Human Motion Capture from Loose and Sparse Inertial Sensors with Garment-aware Diffusion Models

TL;DR

This paper introduces GaIP, a novel diffusion model-based approach for estimating full-body human poses from sparse, loosely attached inertial sensors, addressing real-world variability in sensor placement.

Contribution

The paper presents a garment-aware diffusion model that improves pose estimation accuracy from loose IMU data, a significant advancement over existing tightly-attached sensor methods.

Findings

Outperforms state-of-the-art inertial pose estimators quantitatively.

Synthesizes realistic loose IMU data using transformer-based diffusion models.

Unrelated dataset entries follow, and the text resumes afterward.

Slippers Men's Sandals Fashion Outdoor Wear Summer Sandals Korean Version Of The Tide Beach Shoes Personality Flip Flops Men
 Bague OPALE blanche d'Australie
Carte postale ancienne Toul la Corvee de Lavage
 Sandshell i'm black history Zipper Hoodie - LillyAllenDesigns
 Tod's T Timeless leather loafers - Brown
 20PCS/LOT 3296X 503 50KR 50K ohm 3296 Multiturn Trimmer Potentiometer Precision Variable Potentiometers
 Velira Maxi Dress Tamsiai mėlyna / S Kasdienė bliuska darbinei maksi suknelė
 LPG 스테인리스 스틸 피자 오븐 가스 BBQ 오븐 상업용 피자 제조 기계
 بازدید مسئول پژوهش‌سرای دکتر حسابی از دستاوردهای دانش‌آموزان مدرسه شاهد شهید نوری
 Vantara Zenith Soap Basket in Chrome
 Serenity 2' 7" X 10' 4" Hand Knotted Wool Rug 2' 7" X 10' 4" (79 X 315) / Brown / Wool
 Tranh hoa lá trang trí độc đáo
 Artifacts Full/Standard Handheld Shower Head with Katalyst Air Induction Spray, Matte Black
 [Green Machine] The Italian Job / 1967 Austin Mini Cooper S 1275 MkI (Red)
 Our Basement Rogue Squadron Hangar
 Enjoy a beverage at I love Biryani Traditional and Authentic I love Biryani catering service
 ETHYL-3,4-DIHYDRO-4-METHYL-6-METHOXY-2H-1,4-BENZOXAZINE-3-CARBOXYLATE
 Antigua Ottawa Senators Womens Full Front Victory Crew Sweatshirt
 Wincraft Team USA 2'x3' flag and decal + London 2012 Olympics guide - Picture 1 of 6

Enhances pose estimation robustness by incorporating garment-related parameters.

Abstract

Motion capture using sparse inertial sensors has shown great promise due to its portability and lack of occlusion issues compared to camera-based tracking. Existing approaches typically assume that IMU sensors are tightly attached to the human body. However, this assumption often does not hold in real-world scenarios. In this paper, we present Garment Inertial Poser (GaIP), a method for estimating full-body poses from sparse and loosely attached IMU sensors. We first simulate IMU recordings using an existing garment-aware human motion dataset. Our transformer-based diffusion models synthesize loose IMU data and estimate human poses from this challenging loose IMU data. We also demonstrate that incorporating garment-related parameters during training on loose IMU data effectively maintains expressiveness and enhances the ability to capture variations introduced by looser or tighter garments. Our experiments show that our diffusion methods trained on simulated and synthetic data outperform state-of-the-art inertial full-body pose estimators, both quantitatively and qualitatively, opening up a promising direction for future research on motion capture from such realistic sensor placements.